[[ Data in this exercise open ]]

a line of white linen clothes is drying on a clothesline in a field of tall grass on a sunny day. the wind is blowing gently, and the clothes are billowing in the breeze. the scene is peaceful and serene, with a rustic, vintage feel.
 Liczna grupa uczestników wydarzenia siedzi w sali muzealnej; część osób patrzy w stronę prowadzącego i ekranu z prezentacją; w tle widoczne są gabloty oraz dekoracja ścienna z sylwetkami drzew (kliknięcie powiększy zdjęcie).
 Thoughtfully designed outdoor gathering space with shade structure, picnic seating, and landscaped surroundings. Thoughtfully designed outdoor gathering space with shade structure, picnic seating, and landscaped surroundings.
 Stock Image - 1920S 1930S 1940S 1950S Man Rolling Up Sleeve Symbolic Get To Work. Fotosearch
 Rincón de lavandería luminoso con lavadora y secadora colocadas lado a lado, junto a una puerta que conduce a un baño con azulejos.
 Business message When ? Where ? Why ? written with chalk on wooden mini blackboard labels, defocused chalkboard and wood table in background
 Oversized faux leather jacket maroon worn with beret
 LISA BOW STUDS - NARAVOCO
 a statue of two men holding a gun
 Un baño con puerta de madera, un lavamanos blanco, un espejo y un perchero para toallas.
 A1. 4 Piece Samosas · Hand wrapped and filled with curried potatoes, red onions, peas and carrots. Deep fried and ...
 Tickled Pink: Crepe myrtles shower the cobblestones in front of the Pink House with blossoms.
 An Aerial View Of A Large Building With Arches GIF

[[ Data in this exercise closed ]]

* **Work instruction**: Could you retype exactly the lines above from the one containing "a statue of two men holding a gun" through the last line of the records, both included, and nothing else?

* **Output below**:
 a statue of two men holding a gun
 Un baño con puerta de madera, un lavamanos blanco, un espejo y un perchero para toallas.
 A1. 4 Piece Samosas · Hand wrapped and filled with curried potatoes, red onions, peas and carrots. Deep fried and ...
 Tickled Pink: Crepe myrtles shower the cobblestones in front of the Pink House with blossoms.
 An Aerial View Of A Large Building With Arches GIF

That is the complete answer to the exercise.